His feigned surprise at learning that his wife was a wealthy woman and then his palpable disappointment when he realises he’s only been left a few thousand pounds is a clear indication her death was no accident.  And when Keen’s latest girlfriend Ria (Justine Lord) introduces Clayton (although he’s now’s changed his name to Robert Carne) to the lonely and wealthy Marion Grove (Rosemary Leach) he wastes no time in sweeping her off her feet and he asks her to marry him.  She gladly accepts.

There’s a slight logical loophole in this story.  Ria invites the man she knows as Robert Carne to a party where he meets and romances Marion.  But since he’s only recently started using this new alias it’s strange that Ria greets him with a certain amount of familiarity – as they must be new acquaintances.

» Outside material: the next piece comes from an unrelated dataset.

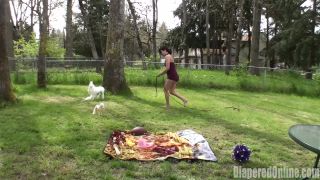 DiaperedonlineCici Cici jugando en Yard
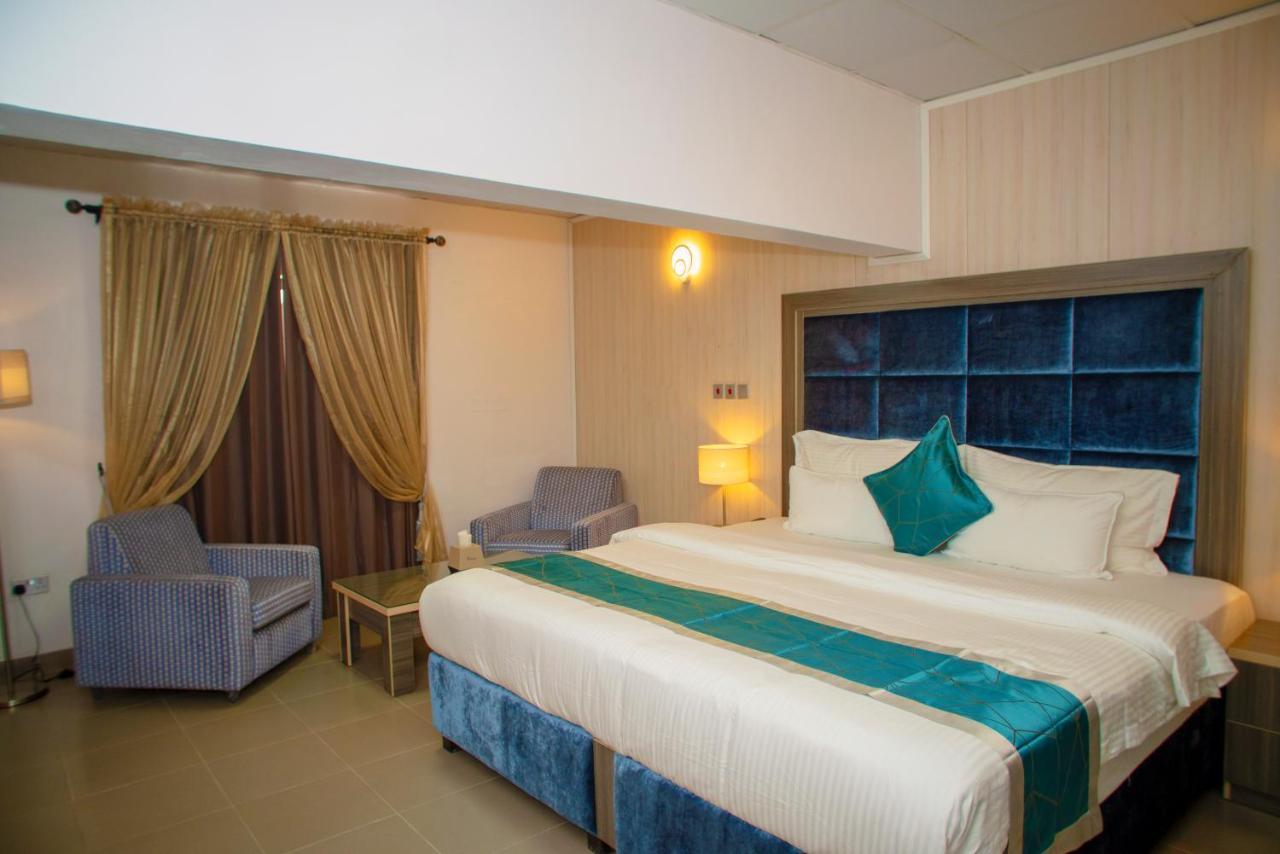 Riviera Suites 라고스 외부 사진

It’s easy to see that Carne’s downfall comes from his decision to use an alias.  If he hadn’t, there would have been nothing suspicious to pique Keen’s interest.  So if he’d told Marion that his previous wife had died in a tragic accident that would have made him untouchable.

But he now faces two problems – Keen is perturbed by Carne’s change of identity and decides to reinvestigate the drowning, plus Carne is also targeted by Bert Macey (John Tate).  Macey was a witness at the inquest and threatens to tell Marion the truth unless he’s handsomely paid off.  In desperation Carne throws a rock at the departing Macey, which knocks him out (and apparently kills him).  This is a little difficult to believe – partly because the rock was quite small and not thrown very hard, but also because it hit Macey on his shoulder (had it been a violent blow to the head it would have been more credible).

The two main plot-threads – Carne’s plan to murder his latest wife and Keen’s increasing suspicions – run parallel for most of the story.  It’s not until well into the final third of the episode that Keen starts to actively investigate and at the same time it becomes clear that Carne is planning to imminently strike.  It does stretch credibility that he doesn’t wait a little longer before murdering again (he’s only been married for a week or so!).  And the way he decides to kill Marion – leaving her drugged in their cottage with a fuse-box rigged to explode – also necessitates him having to speak out loud to explain what’s happening (which feels a little clumsy).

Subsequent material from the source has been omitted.